Yeah, you could probably say that. Its tough when you’re taught from the age of 11 or 12 all about possession and passing, then when you go into a Warnock team, every time I got the ball, he wanted me to shell it down the channel. We’ve had managers that wanted to play long and managers that wanted to keep the ball, which is where I fitted. It was weird to have so many managers.
At the time when you came though, you were a bit of a one-off and there wasn’t the same sort of pathway that exists now. You were kind of the original, whereas if you were coming through now, you would probably be in a better position.
Cardiff has always had a good academy, but no one that has really made a mark on the team. You could say Rallsy, but he joined when he was 16 or 17. I think there were some Under-21 boys that could have played for the first-team, but all that has changed over the last year or two and I think that’s brilliant. There should be at least one or two players pushing for the first-team every year.
You ended up going on loan to Rangers and impressed them enough to take you on permanently. How did you find playing in Scotland for such a massive club? What led to that move and what led to your eventual departure?
It was crazy. I haven’t got a bad word to say about Rangers. It’s superb, a massive club. I think it was just before deadline day and there was talk of me going up there on loan. My agent asked Warnock why wasn’t I getting a chance and he said that I had all the ability in the world, but maybe it was time to move on. As soon as I heard that, I knew I had to get back out there, playing games and try to show my talent.
In the second week of pre-season training eith Rangers, we were doing a drill and Steven Gerrard stopped the session to ask me a question. He asked if I was finding the session hard and I said that it was pretty tough. He said to the rest of the group that it must be hard because I was the best left back in the league!
I then got injured though and my back needed an injection, but that ended up with one of the physios telling me that he thought I was faking my injury!? I was coming in to my prime, having done well the season before and was up for Player of the Year, so to hear that was disheartening. It left a bitter taste and I knew I was on my way out after that.
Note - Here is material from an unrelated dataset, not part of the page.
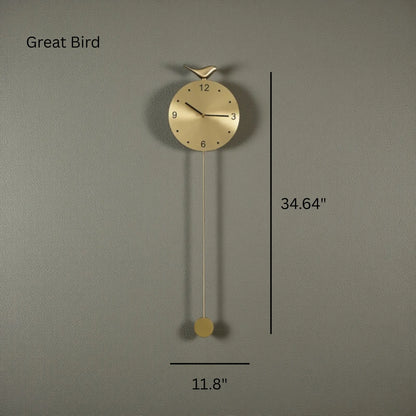 Modern pendulum wall clock - Majesty: A minimalist wall clock with a bird-topped round face, marked hours, and a long pendulum in warm metallic finish, measuring 11.8″ wide by 34.64″ tall.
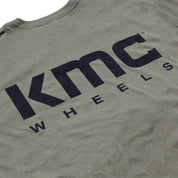 KMC Logo Short Sleeve Tee in navy blue, featuring a prominent white KMC logo on the front.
Congratulations on your move to Bolton. You spent the end of last season there, securing promotion to League One. How did you enjoy your time there last year and why did you decide to move there permanently?
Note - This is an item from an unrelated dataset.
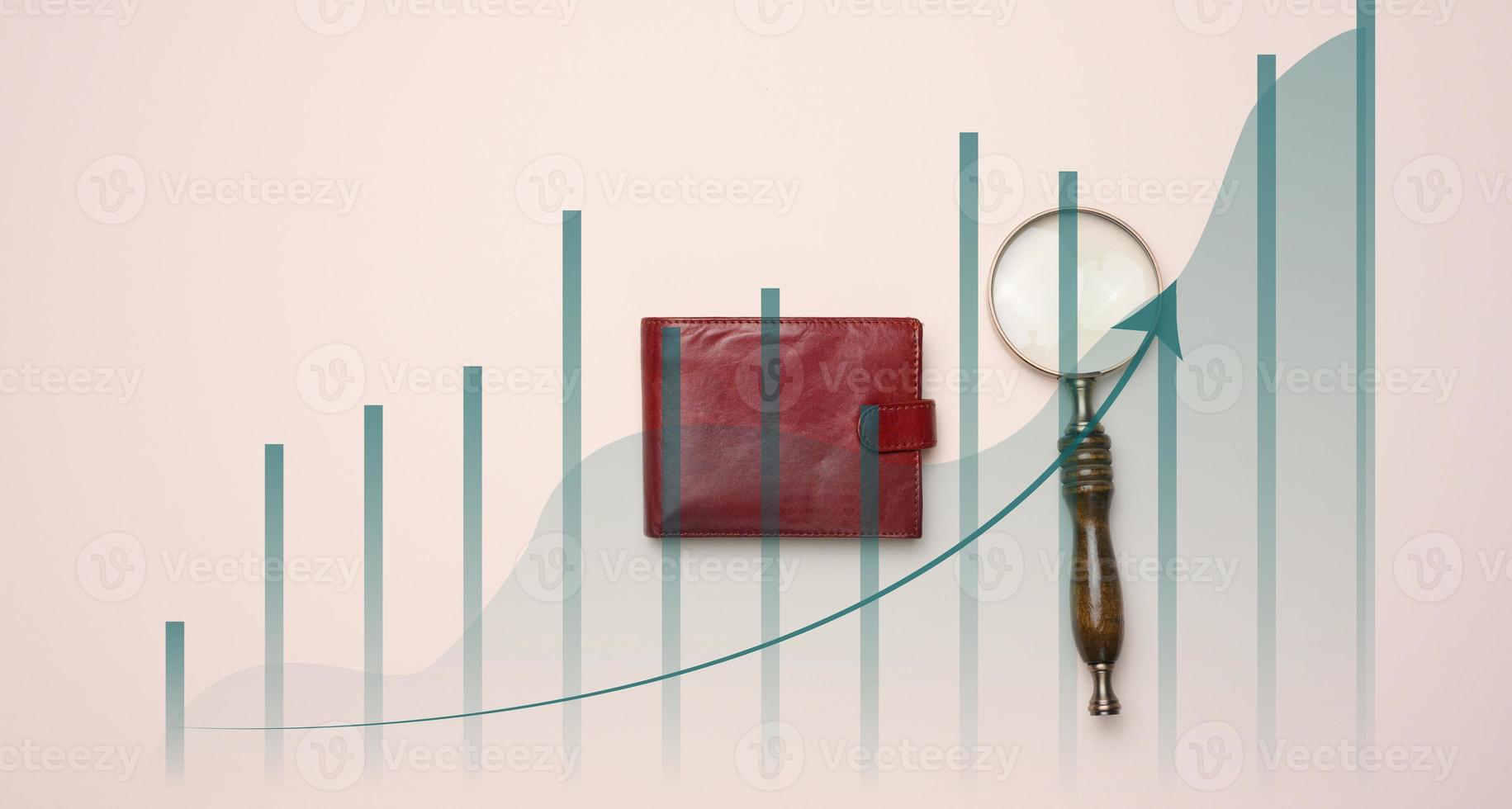 magnifying glass, leather wallet and a graph with growing indicators on a beige background photo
It’s a great club, with all the facilities to be playing in at least the Championship. It was a great place to come and get my face back out there. I enjoyed it. We were near the bottom when I arrived, but went 16 games unbeaten and ended up getting promoted, which was brilliant.
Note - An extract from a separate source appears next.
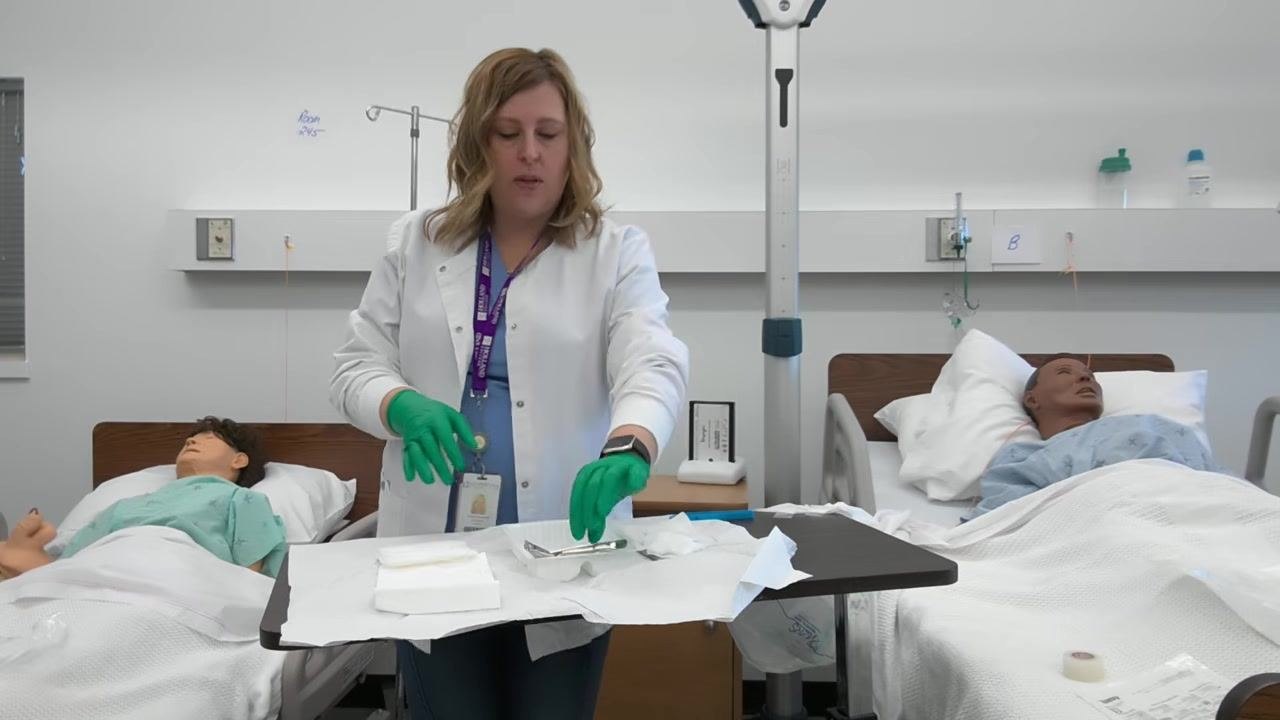 A healthcare professional reaches to discard a used item, demonstrating proper disposal technique.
Even though fans weren’t at the stadiums, you get them contacting you on social media and Bolton felt like a great club to be a part of. I knew the manager, Ian Evatt, from my time at Chesterfield and a few of the boys as well, so it made sense for me to come here because I’ve got a great connection with the club.
I took a few weeks to make up my mind and there were some other clubs on the table, but the connection I had with Bolton was a major factor in me signing permanently.
Just to finish up. As someone that made the breakthrough at Cardiff and went on to represent his country, from your experience, what advice would you give to the likes of Rubin Colwill and Mark Harris, making that same step up?
The main thing is that you have to keep going. I’ve had a kind of turbulent career for many different reasons, but you have to get your head down, work hard and not take no for an answer. Some managers have liked me and some didn’t, but you have to keep that belief in yourself. Show everyone how good you are.